In the fall of 2011, an eighth-grade student of mine wrote a beautiful letter to Ruta Sepetys, the author of Between Shades of Gray, detailing what she’d gleaned from Sepetys’ first novel – the power of perseverance, integrity, and love. Since then, the World War II chronicle has been on my list. Finally, after hearing of Sepetys’s recent book, Salt to the Sea, on the New York Times Book Review Podcast, I pulled a copy of Gray from my classroom library’s shelf.

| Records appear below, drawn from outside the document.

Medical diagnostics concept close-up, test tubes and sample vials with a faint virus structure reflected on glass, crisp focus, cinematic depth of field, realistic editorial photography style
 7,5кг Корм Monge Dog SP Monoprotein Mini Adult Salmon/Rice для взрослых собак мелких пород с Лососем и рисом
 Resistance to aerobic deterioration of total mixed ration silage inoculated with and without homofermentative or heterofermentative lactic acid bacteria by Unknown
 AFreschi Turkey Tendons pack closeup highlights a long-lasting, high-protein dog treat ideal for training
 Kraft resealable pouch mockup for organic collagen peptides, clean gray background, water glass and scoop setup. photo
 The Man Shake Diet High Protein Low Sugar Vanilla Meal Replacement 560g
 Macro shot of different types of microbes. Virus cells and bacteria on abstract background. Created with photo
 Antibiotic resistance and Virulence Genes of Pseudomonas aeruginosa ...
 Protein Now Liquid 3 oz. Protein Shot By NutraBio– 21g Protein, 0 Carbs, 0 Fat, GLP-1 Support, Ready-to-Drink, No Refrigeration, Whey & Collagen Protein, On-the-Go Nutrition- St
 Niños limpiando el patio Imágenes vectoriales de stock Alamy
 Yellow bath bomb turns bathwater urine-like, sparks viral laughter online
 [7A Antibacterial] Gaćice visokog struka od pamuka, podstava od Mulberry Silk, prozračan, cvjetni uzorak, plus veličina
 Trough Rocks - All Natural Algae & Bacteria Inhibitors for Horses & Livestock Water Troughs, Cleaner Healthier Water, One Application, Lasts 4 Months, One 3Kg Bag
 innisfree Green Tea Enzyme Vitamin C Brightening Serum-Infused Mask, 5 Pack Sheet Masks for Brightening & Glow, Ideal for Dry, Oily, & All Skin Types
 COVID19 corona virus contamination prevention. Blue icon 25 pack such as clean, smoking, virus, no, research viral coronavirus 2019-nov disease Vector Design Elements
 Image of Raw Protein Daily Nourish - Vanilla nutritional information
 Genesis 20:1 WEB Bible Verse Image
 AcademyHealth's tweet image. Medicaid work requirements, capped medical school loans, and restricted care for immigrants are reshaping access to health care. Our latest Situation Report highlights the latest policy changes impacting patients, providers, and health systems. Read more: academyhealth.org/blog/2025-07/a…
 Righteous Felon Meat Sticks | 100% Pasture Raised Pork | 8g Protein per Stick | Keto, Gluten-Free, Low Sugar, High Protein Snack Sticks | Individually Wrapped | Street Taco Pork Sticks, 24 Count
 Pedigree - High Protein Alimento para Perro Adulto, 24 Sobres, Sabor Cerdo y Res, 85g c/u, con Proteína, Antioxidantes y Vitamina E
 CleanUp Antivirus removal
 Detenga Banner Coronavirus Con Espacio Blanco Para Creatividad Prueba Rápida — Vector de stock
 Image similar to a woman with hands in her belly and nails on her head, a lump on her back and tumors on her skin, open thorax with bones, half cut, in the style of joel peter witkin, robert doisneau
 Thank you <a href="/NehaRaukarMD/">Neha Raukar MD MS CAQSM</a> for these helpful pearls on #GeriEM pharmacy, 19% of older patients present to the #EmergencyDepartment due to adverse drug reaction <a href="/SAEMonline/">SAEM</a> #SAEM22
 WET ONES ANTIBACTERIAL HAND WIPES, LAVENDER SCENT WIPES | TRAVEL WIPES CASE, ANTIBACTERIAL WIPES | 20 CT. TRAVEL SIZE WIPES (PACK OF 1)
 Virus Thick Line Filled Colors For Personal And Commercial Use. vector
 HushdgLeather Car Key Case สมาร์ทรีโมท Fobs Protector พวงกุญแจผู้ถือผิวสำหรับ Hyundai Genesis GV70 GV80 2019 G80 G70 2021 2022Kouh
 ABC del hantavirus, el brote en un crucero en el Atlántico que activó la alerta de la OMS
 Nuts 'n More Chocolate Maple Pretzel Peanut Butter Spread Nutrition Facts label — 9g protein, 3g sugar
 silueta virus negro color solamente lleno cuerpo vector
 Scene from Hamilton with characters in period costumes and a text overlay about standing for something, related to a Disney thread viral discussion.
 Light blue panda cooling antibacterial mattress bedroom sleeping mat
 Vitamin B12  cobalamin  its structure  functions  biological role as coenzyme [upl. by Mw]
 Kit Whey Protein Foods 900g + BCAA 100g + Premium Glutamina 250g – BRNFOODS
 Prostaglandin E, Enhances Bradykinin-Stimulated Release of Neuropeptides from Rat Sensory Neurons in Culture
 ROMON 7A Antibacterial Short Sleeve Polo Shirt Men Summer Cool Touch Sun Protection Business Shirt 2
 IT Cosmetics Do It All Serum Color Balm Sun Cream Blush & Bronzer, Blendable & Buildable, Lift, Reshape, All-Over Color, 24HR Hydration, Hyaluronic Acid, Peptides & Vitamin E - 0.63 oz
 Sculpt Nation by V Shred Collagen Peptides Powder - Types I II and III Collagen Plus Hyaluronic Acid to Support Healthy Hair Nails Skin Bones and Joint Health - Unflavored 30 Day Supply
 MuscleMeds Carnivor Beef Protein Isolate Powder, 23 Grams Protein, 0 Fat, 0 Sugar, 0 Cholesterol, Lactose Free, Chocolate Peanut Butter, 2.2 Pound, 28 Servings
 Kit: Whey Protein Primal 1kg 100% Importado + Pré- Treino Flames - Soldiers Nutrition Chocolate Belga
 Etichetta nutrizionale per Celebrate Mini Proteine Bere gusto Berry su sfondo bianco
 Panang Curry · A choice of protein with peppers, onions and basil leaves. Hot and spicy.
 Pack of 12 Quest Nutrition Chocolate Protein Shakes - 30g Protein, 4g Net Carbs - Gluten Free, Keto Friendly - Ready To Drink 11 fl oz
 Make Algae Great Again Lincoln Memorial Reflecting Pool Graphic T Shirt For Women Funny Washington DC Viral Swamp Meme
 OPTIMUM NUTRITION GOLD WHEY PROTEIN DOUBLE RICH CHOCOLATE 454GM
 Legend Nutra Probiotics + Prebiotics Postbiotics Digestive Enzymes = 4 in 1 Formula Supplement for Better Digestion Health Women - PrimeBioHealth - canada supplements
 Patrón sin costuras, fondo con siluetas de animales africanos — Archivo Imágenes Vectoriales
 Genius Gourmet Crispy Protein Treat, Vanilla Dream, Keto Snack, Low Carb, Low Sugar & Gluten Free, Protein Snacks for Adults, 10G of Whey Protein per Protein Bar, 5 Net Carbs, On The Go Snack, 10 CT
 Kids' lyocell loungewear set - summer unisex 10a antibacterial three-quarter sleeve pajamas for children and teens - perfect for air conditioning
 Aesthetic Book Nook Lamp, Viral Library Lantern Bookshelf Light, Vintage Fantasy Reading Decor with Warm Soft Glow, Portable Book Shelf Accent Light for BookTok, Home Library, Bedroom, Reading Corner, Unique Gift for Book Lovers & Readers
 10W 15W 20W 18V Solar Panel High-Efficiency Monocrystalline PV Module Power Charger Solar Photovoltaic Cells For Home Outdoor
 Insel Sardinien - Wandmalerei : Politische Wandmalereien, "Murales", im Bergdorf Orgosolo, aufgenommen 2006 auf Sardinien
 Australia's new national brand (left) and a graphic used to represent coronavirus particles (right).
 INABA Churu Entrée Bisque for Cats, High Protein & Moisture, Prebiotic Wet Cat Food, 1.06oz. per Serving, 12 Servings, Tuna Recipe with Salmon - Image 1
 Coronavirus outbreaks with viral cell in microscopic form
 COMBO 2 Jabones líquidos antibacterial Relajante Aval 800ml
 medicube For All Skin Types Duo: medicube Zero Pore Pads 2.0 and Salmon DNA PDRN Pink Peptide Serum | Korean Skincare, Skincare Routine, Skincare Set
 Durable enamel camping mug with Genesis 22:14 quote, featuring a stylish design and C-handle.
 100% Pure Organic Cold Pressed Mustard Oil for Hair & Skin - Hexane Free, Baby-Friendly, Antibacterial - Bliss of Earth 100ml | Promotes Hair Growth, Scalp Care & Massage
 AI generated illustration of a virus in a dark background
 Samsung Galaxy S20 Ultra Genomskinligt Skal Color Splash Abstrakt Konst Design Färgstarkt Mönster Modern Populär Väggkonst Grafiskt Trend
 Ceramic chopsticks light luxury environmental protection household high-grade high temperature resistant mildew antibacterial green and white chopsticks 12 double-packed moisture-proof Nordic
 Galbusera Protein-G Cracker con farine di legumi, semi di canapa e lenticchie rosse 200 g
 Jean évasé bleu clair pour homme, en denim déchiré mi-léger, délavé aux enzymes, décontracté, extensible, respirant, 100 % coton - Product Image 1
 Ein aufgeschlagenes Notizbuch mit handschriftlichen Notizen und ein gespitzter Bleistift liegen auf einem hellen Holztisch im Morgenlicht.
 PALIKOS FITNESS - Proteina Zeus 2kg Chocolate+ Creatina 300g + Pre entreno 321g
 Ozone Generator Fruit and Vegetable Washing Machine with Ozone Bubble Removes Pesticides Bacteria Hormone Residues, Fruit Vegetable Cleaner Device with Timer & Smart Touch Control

Here’s the story: 15 year-old Lina Vilkas, her mother, and her younger brother are arrested by Soviet police on June 14, 1941, in Kaunas, Lithuania. Vilkas’ father, a progressive university professor, has already been taken. There will be twelve years of withering labor and unspeakable horror in gulags and cattle cars before she’ll see Lithuania again. To survive, Lina codes secret messages in her artwork and desperately clings to her instincts for kindness and generosity.
Between Shades of Grey is undoubtedly an important work. Sepetys speaks in interviews about unearthing “hidden histories.” She’s a careful and empathetic researcher. According to her Author’s Note, many of the characters and events in this first novel grew from stories told to her during two separate trips to Lithuania as part of her writing process. At the close of her Note, she implores readers to spread the story of the brave people of Lithuania, Latvia, and Estonia who suffered so much under Stalin. “Please research it,” she says. “Tell someone. These three tiny nations have taught us that love is the most powerful army.”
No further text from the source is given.